Motivation for winning:
hard work and support
In the eyes of the award-winning students, this honor is the crystallization of love, hard work and wisdom, and they will continue to explore the infinite mysteries of mathematics with this love in the future.
Walking with Love and
Achieving Excellence
G2 Tan won the Math Kangaroo Achievement Award and the National Super Gold Award in the competition and advanced to the Kangaroo Math Asia Camp. On the eve of the competition, Tan was not alone in facing the difficult problems in his practice. His parents are the most solid support, and whenever he encounters a difficult problem, he always turns to them for help first. When he encounters more difficulties during competitions, Tan will also recall what his mom and dad have explained, and also think about whether this kind of topic has appeared in class and how he solved it at that time to help him solve the topic at hand. “Teachers and mom and dad taught the calculation method, elimination method and deduction method in this competition played a great help to me, will be the topic will be based on the topic of the bar reasoning before choosing the answer, encountered uncertainty in the topic are used to exclude the method.”
Grateful Walking Together
for a New Journey
G7 Yin won the National Gold Medal and advanced to Kangaroo Math Asia Camp. She said that the competition was like a beautiful painting, and what she learned in class was definitely the colors that painted the picture. Yin has particularly fond memories of ECA in the Math Youth Class. In the ECA class, Mr. Philip was like a wise guide who opened the door to the wonders of mathematical problem solving for Yin. Of course, this honor could not have been achieved without the help of his classmates. In and out of class, everyone communicates enthusiastically, and the sparks of thinking blossom in the collision. We guided each other and gave sincere advice, so that Yin could clearly see her own shortcomings and correct them in time. Looking forward to the next competition, students can all work together to go to the next level, and continue to progress in the math journey!

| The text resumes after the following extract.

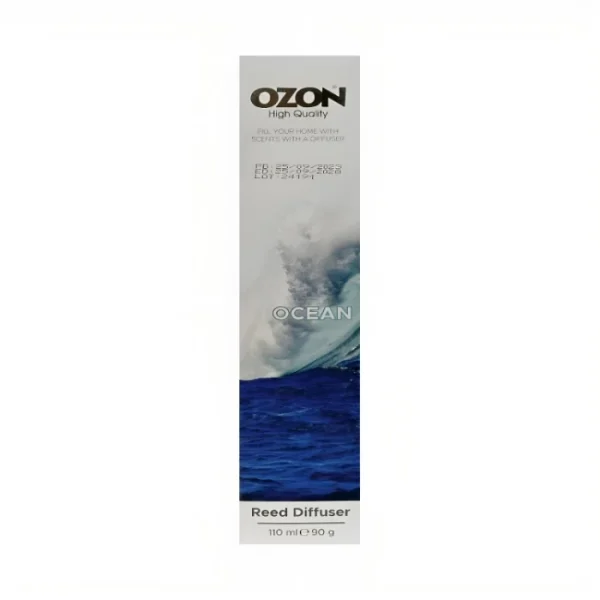 Թարմացուցիչ օդի Ozon 110 մլ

The Math Kangaroo is a large-scale global math event for young people in grades 1-12, initiated in 1980 by renowned Australian mathematician Peter O'Halloran, and named “Kangaroo Maths” in homage to Peter O'Halloran, the two leading French math educators who set up the official organizing committee in 1991 to promote the event in Europe. In 1991, two prominent French mathematics educators formed an official organizing committee to promote the event in Europe, and in tribute to Peter O'Halloran, named it “Math Kangaroo ”.

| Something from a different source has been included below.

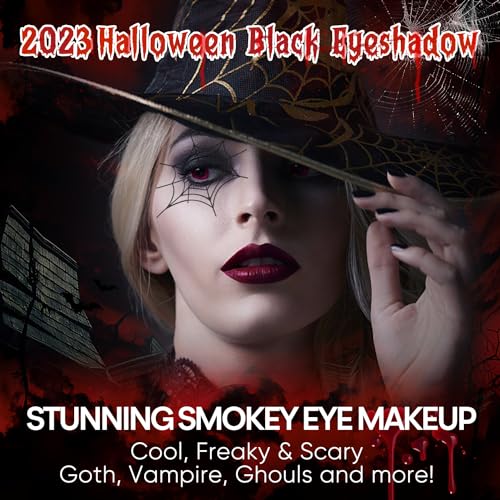 Durable Grey Eyeshadow 3g Long-Lasting Wear Vibrant Color - Image 2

Unlike the traditional Olympiad, which emphasizes the high level of difficulty and challenge, Kangaroo Math Challenge aims to stimulate children's interest and confidence in math learning by using interesting and vivid topics close to life, cultivate students' mathematical thinking, and train students' reading, comprehension, analytical and problem-solving skills, which are suitable for students of all levels in all grades and at all levels of math. As a result, the Kangaroo Math Challenge has gradually become popular around the world, and has become an influential international math challenge for young people around the globe, with 87 countries and regions hosting it and more than 6.3 million students participating in it every year.